Data excerpts:
'''

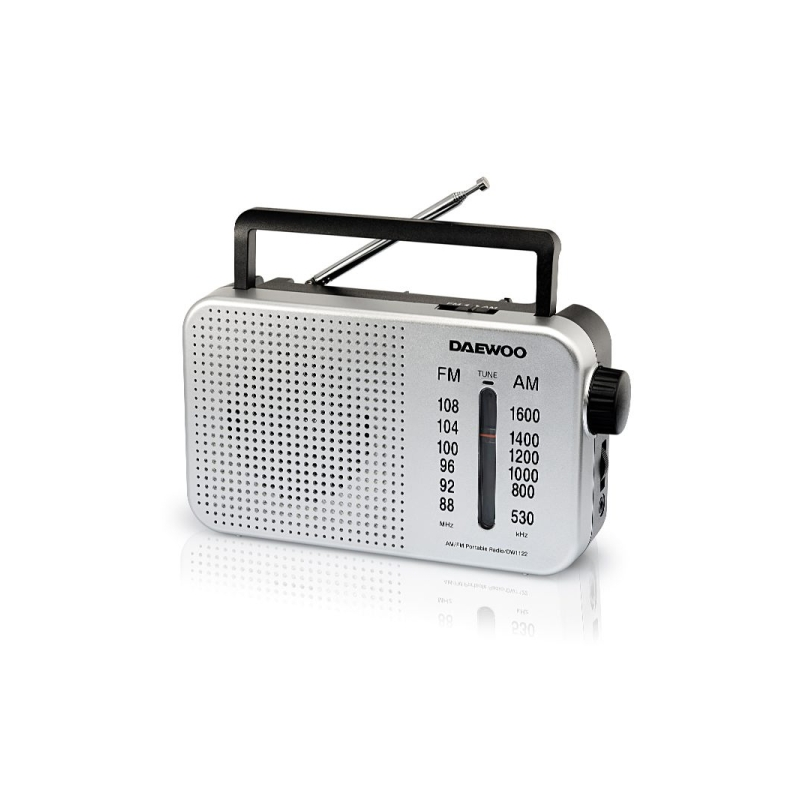 Radio AM/FM Daewoo - Câble de 15 cm - Prise jack 3,5 mm - Antenne télescopique - Haut-parleur intégré - Poignée de transport - 2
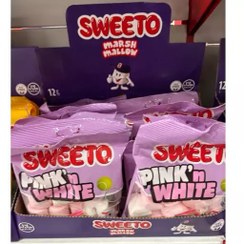 تصویر مارشمالو سویتو Sweeto مدل Marshmallow pink White با طرح سفید و صورتی 12عددی 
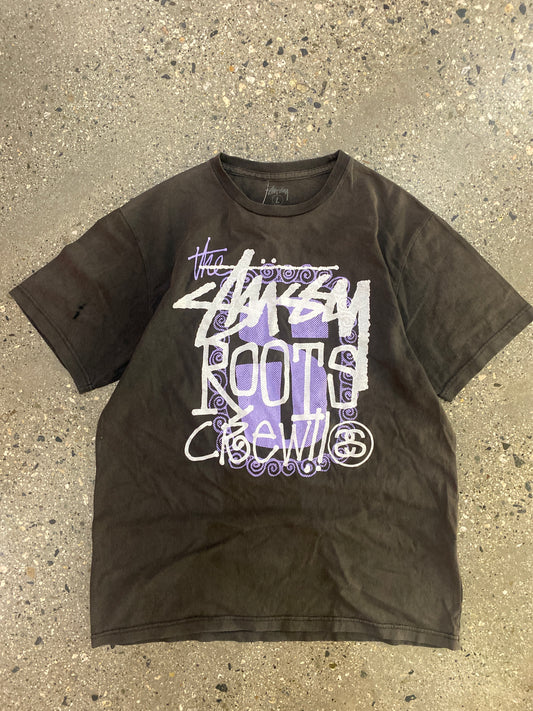 (M/L) Stussy Sunfaded Roots Crew Distressed Tee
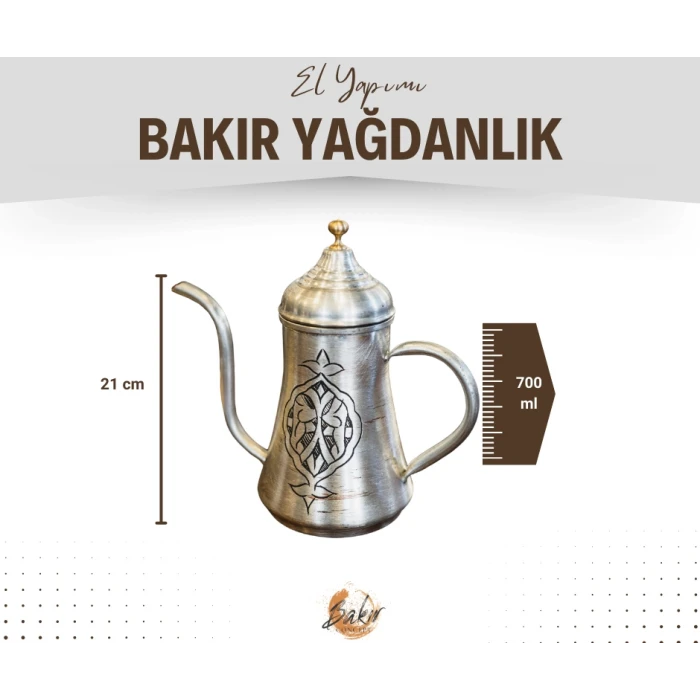 BAKIR YAĞDANLIK OTANTİK İŞLEMELİ MODEL GÜMÜŞ RENK NO:3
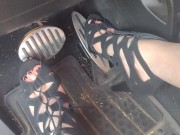 Big feet pedal pumping the gas pedal in strappy sexy black heels 13/16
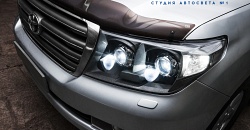 Toyota Land Cruiser 200 — переустановка светодиодных бимодулей, установка дополнительного корректора, покраска масок фар, полировка фар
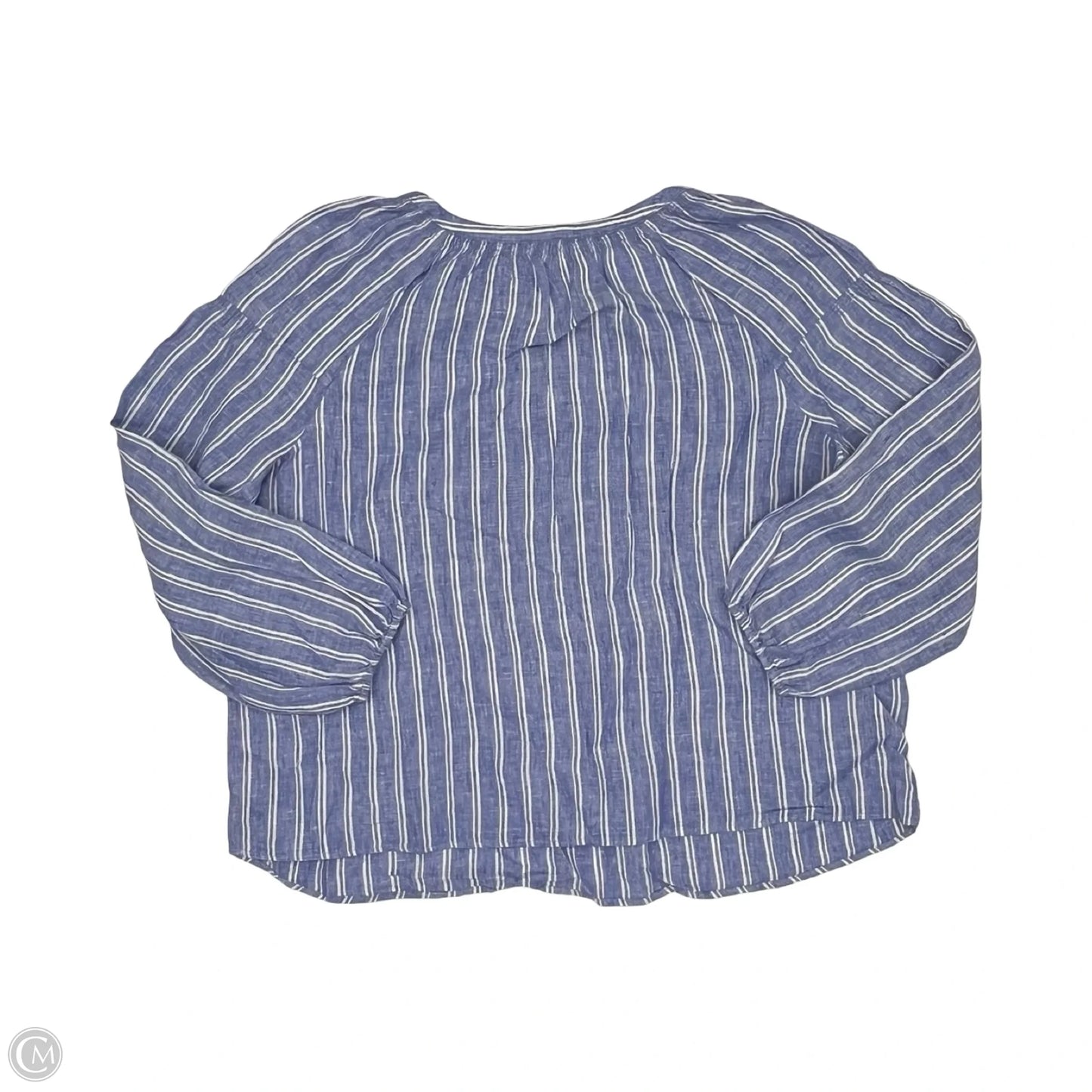 Blouse Long Sleeve By Talbots In Blue & White, Size: 2x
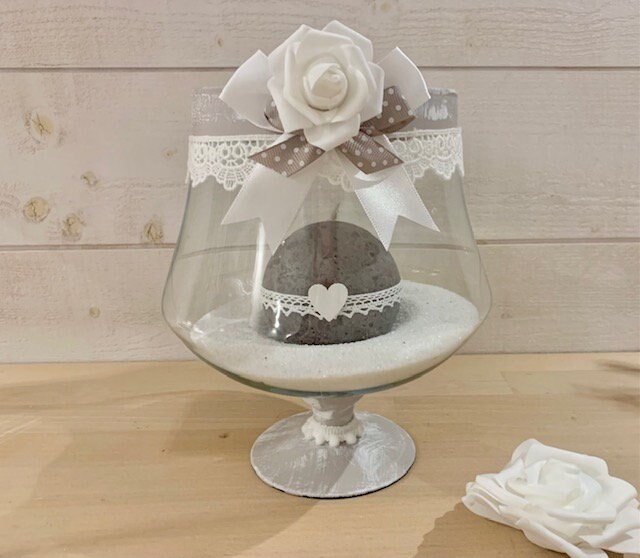 Coupe Shabby et Sa Bougie, Taupe Blanc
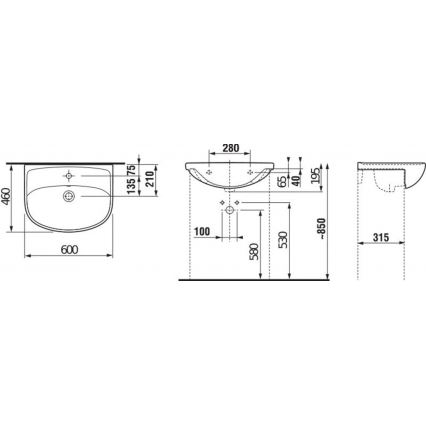 JIKA H8133830001041 - Lavabo empotrado LYRA 60x46 cm cerámica/blanco
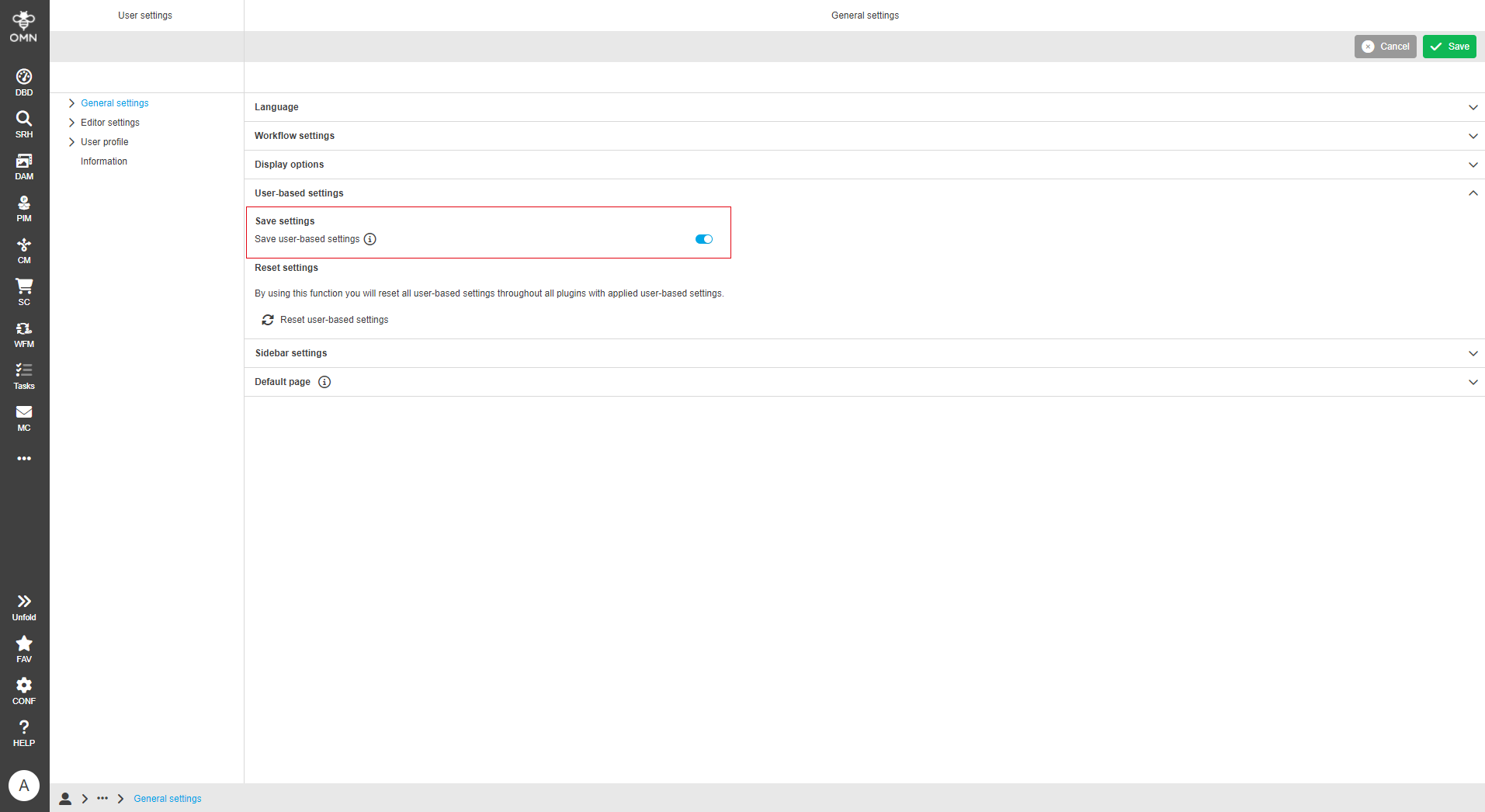 showInNav userBasedSettings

'''

Print again, word for word, every line from the line with "JIKA H8133830001041 - Lavabo" to the final line of the records, inclusive; skip the pictures.

 JIKA H8133830001041 - Lavabo empotrado LYRA 60x46 cm cerámica/blanco
 showInNav userBasedSettings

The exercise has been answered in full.